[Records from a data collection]
● ● ● ● ●

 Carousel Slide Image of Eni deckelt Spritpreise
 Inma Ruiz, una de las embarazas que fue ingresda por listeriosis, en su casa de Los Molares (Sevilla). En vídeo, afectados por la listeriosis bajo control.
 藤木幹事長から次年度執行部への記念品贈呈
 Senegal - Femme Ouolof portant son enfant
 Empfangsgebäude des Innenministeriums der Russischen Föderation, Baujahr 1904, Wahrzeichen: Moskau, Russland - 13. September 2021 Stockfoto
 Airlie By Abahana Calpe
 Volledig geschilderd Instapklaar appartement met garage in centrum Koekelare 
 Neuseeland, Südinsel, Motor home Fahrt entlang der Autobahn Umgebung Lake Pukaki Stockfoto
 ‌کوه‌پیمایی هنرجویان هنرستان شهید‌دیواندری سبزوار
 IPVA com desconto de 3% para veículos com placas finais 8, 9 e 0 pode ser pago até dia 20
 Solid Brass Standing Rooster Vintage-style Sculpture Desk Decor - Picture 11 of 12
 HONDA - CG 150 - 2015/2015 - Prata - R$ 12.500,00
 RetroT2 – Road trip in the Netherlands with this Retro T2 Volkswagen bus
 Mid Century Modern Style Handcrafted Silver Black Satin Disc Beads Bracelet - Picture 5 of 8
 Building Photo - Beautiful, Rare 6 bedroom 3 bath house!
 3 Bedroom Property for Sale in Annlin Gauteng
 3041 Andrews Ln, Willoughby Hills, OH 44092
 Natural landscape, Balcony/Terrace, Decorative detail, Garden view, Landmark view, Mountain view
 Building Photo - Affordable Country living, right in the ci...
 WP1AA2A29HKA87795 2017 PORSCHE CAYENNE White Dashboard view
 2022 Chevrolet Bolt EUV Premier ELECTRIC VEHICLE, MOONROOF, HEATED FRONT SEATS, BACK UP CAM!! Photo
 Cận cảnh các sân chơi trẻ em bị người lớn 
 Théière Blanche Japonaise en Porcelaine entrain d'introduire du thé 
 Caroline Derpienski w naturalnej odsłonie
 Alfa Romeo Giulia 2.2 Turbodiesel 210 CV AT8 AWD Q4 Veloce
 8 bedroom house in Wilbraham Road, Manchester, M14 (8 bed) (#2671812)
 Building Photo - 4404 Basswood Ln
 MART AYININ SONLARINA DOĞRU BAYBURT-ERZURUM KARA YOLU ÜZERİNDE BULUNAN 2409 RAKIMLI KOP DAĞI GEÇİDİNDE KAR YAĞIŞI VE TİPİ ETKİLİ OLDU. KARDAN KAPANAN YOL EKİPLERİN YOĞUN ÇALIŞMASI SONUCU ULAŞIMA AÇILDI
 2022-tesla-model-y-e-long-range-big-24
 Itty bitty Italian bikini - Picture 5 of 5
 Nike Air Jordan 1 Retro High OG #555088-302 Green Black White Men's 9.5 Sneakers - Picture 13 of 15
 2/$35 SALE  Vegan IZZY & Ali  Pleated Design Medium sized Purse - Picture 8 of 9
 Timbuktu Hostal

● ● ● ● ●

* _Exercise_
Please retype the data above exactly, including every line.

* _Output_
 Carousel Slide Image of Eni deckelt Spritpreise
 Inma Ruiz, una de las embarazas que fue ingresda por listeriosis, en su casa de Los Molares (Sevilla). En vídeo, afectados por la listeriosis bajo control.
 藤木幹事長から次年度執行部への記念品贈呈
 Senegal - Femme Ouolof portant son enfant
 Empfangsgebäude des Innenministeriums der Russischen Föderation, Baujahr 1904, Wahrzeichen: Moskau, Russland - 13. September 2021 Stockfoto
 Airlie By Abahana Calpe
 Volledig geschilderd Instapklaar appartement met garage in centrum Koekelare 
 Neuseeland, Südinsel, Motor home Fahrt entlang der Autobahn Umgebung Lake Pukaki Stockfoto
 ‌کوه‌پیمایی هنرجویان هنرستان شهید‌دیواندری سبزوار
 IPVA com desconto de 3% para veículos com placas finais 8, 9 e 0 pode ser pago até dia 20
 Solid Brass Standing Rooster Vintage-style Sculpture Desk Decor - Picture 11 of 12
 HONDA - CG 150 - 2015/2015 - Prata - R$ 12.500,00
 RetroT2 – Road trip in the Netherlands with this Retro T2 Volkswagen bus
 Mid Century Modern Style Handcrafted Silver Black Satin Disc Beads Bracelet - Picture 5 of 8
 Building Photo - Beautiful, Rare 6 bedroom 3 bath house!
 3 Bedroom Property for Sale in Annlin Gauteng
 3041 Andrews Ln, Willoughby Hills, OH 44092
 Natural landscape, Balcony/Terrace, Decorative detail, Garden view, Landmark view, Mountain view
 Building Photo - Affordable Country living, right in the ci...
 WP1AA2A29HKA87795 2017 PORSCHE CAYENNE White Dashboard view
 2022 Chevrolet Bolt EUV Premier ELECTRIC VEHICLE, MOONROOF, HEATED FRONT SEATS, BACK UP CAM!! Photo
 Cận cảnh các sân chơi trẻ em bị người lớn 
 Théière Blanche Japonaise en Porcelaine entrain d'introduire du thé 
 Caroline Derpienski w naturalnej odsłonie
 Alfa Romeo Giulia 2.2 Turbodiesel 210 CV AT8 AWD Q4 Veloce
 8 bedroom house in Wilbraham Road, Manchester, M14 (8 bed) (#2671812)
 Building Photo - 4404 Basswood Ln
 MART AYININ SONLARINA DOĞRU BAYBURT-ERZURUM KARA YOLU ÜZERİNDE BULUNAN 2409 RAKIMLI KOP DAĞI GEÇİDİNDE KAR YAĞIŞI VE TİPİ ETKİLİ OLDU. KARDAN KAPANAN YOL EKİPLERİN YOĞUN ÇALIŞMASI SONUCU ULAŞIMA AÇILDI
 2022-tesla-model-y-e-long-range-big-24
 Itty bitty Italian bikini - Picture 5 of 5
 Nike Air Jordan 1 Retro High OG #555088-302 Green Black White Men's 9.5 Sneakers - Picture 13 of 15
 2/$35 SALE  Vegan IZZY & Ali  Pleated Design Medium sized Purse - Picture 8 of 9
 Timbuktu Hostal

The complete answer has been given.